È una regione piatta verso oriente, il Norfolk, in più parti aperta a ventagli di fiumi e laghi, acquitrini e canali navigabili. Chiamati Norfolk Broads, distendono ampie zone d’acqua e selve di canneti, mulini con bianche pale che ruotano come braccia di giganti seduti su prati di campagna. Nei porti, imbarcazioni colorate stanno all’ancora tra insenature più calme. Un mondo acquatico solcato da vele e gabbiani risospinti all’interno dal mare non lontano. Un’Inghilterra idilliaca, per molto tempo meta di weekend o vacanze della middle class britannica. Ci andava con i genitori da bambino, John Betjeman – Sir Betjeman dal 1969.

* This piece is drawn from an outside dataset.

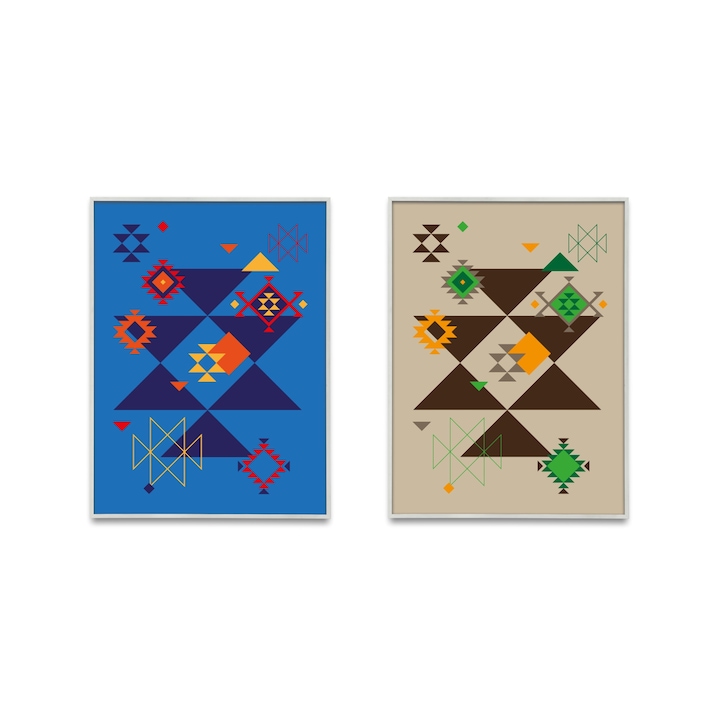 Set 2 postere, Ethno Epoque, Carton, 40x50cm, Multicolor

Dopo Cecil Day-Lewis e prima di Ted Hughes, la regina Elisabetta lo incorona Poet Laureate nel 1972. Il Poeta Laureato più “popolare”, sembra, dopo Tennyson: per la musica dei suoi componimenti e la scioltezza quasi dimessa dei suoi temi sarà molto letto e amato quanto ignorato dall’intellighenzia. Vivrà da outsider in poesia e nella vita.

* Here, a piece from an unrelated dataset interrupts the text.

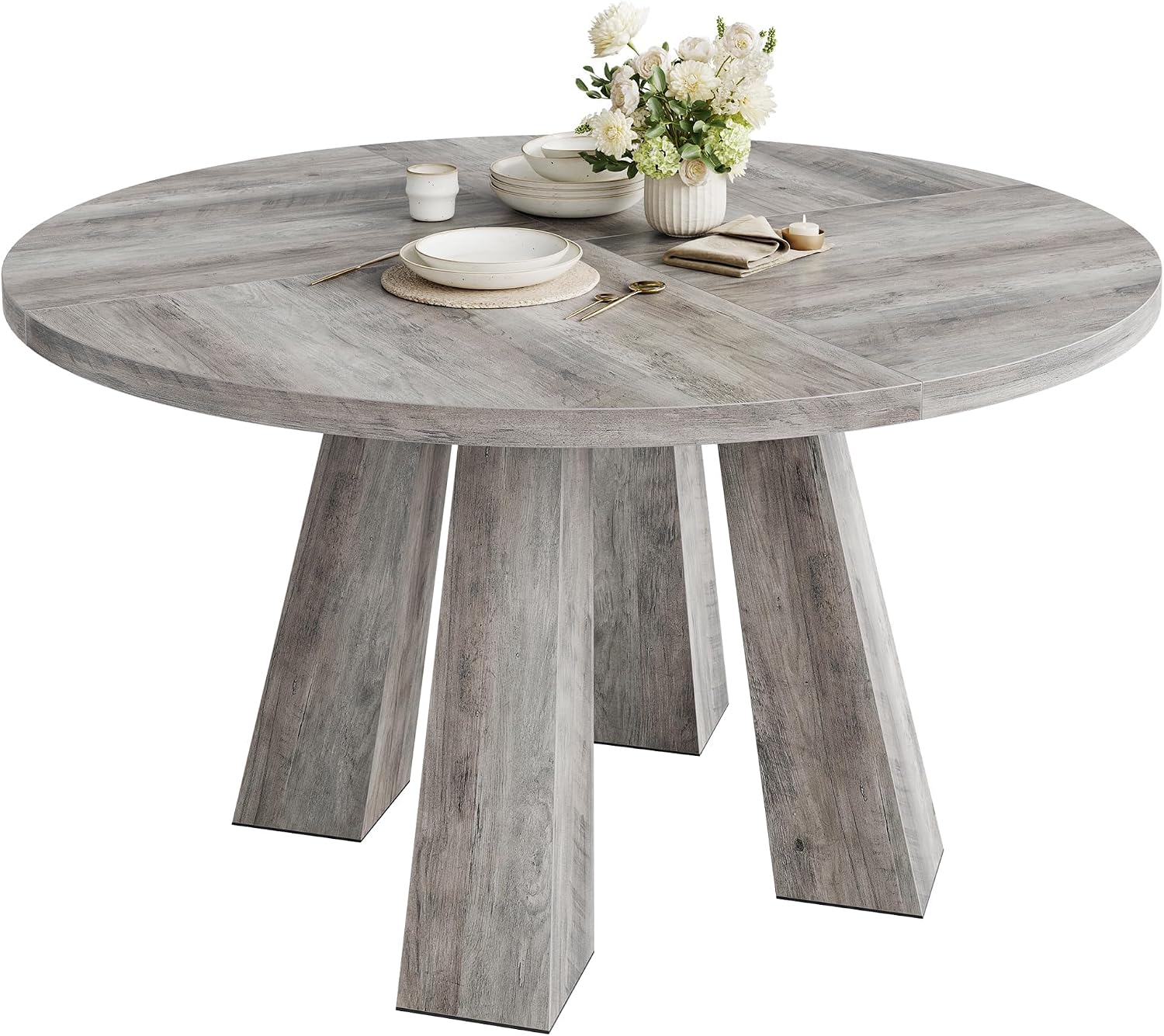 IDEALHOUSE 47' Round Dining Table for 4-6, Wood Kitchen Table with Sturdy Base, Farmhouse Circle Dinner Table for Dining Room, Living Room, 4 Strong Legs, Grey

Nato nel 1906 a Highgate, Londra, da bambino il suo miglior amico è il suo orsacchiotto. La madre è una suffragetta, il padre l’erede del mobilificio di famiglia. Con lui il giovane John entra presto in contrasto per l’acerba decisione di non seguirne la strada negli affari. Lo racconterà, non senza pathos, nella celebre Summoned by Bells, Chiamato dalle campane, autobiografia in blank verse nella migliore tradizione aulica – lo stesso verso dell’autobiografico Preludio di Wordsworth. La pubblica Murray, l’editore di Byron.

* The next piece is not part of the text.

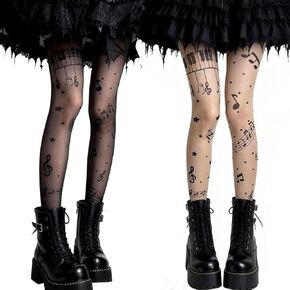 2-Pack Music Note Tights - Patterned Sheer Pantyhose for Women | Y2K Gothic Lolita Leggings | Fun Clothes Accessories in Kuwait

I Betjeman vivono in una bianca casa edoardiana alto borghese a Hampstead, ma il cognome pur di origini olandesi ‘suona’ molto tedesco: a scuola il bambino viene bullizzato dai compagni. Tra i suoi insegnanti c’è T.S. Eliot. Divergendo da lui, in poesia John inseguirà sempre la chiarezza dell’opale. Le cose non migliorano alla public school: il ragazzo soffre la mancanza di riservatezza, una vita sempre in comune con i compagni, detesta gli sport e l’agonismo. Trova un rifugio precoce nella poesia e nella scrittura. Al Magdalene College di Oxford lo accoglie invece un ambiente a lui congeniale. Sotto le guglie d’oro le sue ambizioni ed eccentricità trovano una casa. Si fa amici come Cecil Beaton e Evelyn Waugh, che gli saranno vicini per sempre. Conosce Auden e Louis McNiece, che influenzeranno la sua scrittura.
Nel 1928 lascia Oxford senza essersi laureato. La poesia, come il suono delle campane, lo ha già “chiamato”.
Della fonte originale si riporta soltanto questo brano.